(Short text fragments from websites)
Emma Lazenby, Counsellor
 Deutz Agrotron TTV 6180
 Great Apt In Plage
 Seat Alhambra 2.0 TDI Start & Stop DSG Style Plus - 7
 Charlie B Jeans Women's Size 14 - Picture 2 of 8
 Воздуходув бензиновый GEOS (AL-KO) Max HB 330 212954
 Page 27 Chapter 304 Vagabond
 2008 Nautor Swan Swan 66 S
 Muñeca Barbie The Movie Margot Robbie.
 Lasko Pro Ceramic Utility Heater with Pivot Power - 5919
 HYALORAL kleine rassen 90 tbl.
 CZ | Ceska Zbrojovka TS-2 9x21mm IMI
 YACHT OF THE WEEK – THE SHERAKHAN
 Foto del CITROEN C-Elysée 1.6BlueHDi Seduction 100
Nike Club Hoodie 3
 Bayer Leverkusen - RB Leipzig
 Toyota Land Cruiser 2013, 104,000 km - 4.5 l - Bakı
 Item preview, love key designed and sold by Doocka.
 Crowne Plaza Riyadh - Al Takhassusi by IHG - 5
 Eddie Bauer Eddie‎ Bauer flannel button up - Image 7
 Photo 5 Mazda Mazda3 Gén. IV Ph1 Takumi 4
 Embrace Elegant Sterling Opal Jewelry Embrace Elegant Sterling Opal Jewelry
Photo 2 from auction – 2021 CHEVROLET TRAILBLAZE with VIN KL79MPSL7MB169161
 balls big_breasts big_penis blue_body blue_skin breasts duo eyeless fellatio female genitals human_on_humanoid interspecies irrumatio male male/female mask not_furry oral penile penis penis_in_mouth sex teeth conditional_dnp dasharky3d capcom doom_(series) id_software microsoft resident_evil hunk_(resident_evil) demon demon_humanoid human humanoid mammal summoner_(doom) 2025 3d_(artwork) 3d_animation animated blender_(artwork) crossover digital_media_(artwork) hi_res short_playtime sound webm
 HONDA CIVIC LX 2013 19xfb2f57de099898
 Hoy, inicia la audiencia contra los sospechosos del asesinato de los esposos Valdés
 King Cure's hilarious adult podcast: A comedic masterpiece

What this task involves -> Repeat the records above line by line, from the first line through the line that contains "2008 Nautor Swan Swan 66 S".

Answer ->
Emma Lazenby, Counsellor
 Deutz Agrotron TTV 6180
 Great Apt In Plage
 Seat Alhambra 2.0 TDI Start & Stop DSG Style Plus - 7
 Charlie B Jeans Women's Size 14 - Picture 2 of 8
 Воздуходув бензиновый GEOS (AL-KO) Max HB 330 212954
 Page 27 Chapter 304 Vagabond
 2008 Nautor Swan Swan 66 S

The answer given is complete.